Getting stuck on a certain part of this question:
Q. A manufacturer wants to produce one litre (1000ml) cans from as small a quantity of metal sheeting as possible to reduce costs.
What I've done so far:
I've shown that the height of the cylinder is:
$h=\displaystyle\frac{1000}{\pi r^2}$
I've shown that the total surface area is:
$A = 2\pi r^2+\displaystyle\frac{2000}{r} $
Derivative:
$A' = 4\pi r - 2000r^{-2}$
Then found the zero or the x coordinate of the minimum value:
$r=\left(\displaystyle\frac{500}{\pi}\right)^{\frac{1}{3}}$
I am now trying to sub
$r=\left(\displaystyle\frac{500}{\pi}\right)^{\frac{1}{3}}$ into $A = 2\pi r^2+\displaystyle\frac{2000}{r} $ to find the minimum surface area of the 1000ml can. I'm just getting stuck with the algebra.

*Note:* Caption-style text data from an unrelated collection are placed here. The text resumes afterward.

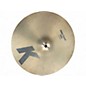 Used Zildjian 14in K Thin Dark Crash Cymbal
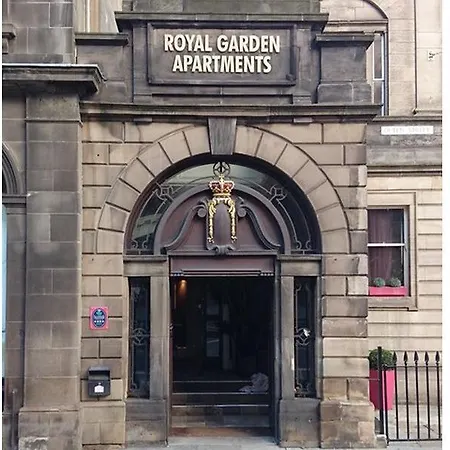 Aparthotel Fountain Court - Royal Garden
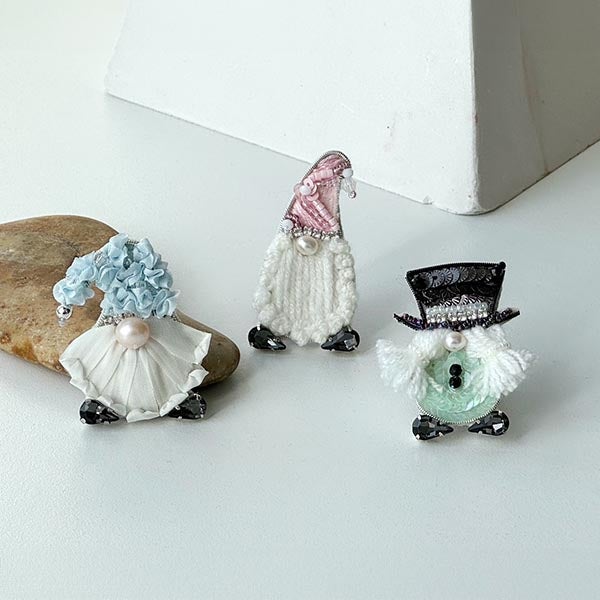 ブローチ・ピン | ビーズキット販売 nagomi＊style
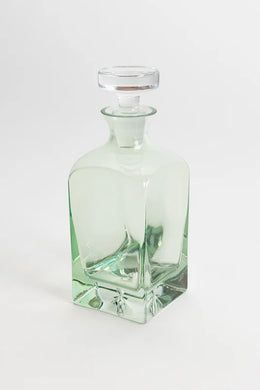 Heritage Decanter - Mint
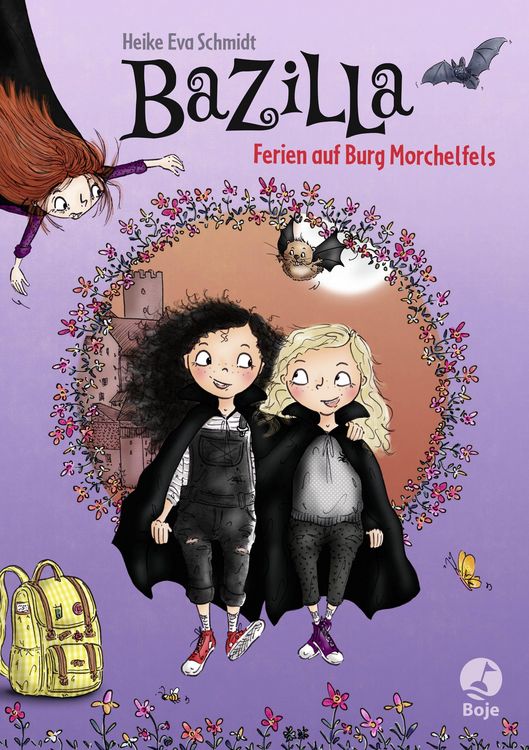 Produktbild: Bazilla - Ferien auf Burg Morchelfels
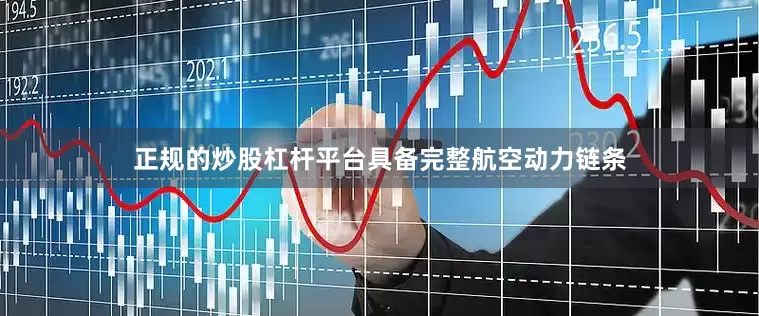 正规的炒股杠杆平台具备完整航空动力链条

The answer I get is $A = 3000\left(\displaystyle\frac{500}{\pi}\right)^{\frac{-1}{3}}$ which is correct because I graphed it using a graphing calculator and both give $553.581$
The answer in the back of the book gives $A=6\pi\left(\displaystyle\frac{500}{\pi}\right)^{\frac{2}{3}} $
Can someone please show me the steps to get the answer in the back of the book when subbing $r$ into $A$
Your answers are both correct and identical. Since $-1/3=2/3-1$: $$A= 3000 \left(\frac{500}{\pi}\right)^{-1/3} = 3000 \left(\frac{500}{\pi}\right)^{-1}\left(\frac{500}{\pi}\right)^{2/3} = 3000 \left(\frac{\pi}{500}\right)\left(\frac{500}{\pi}\right)^{2/3} $$ $$=6\pi\left(\frac{500}{\pi}\right)^{2/3}$$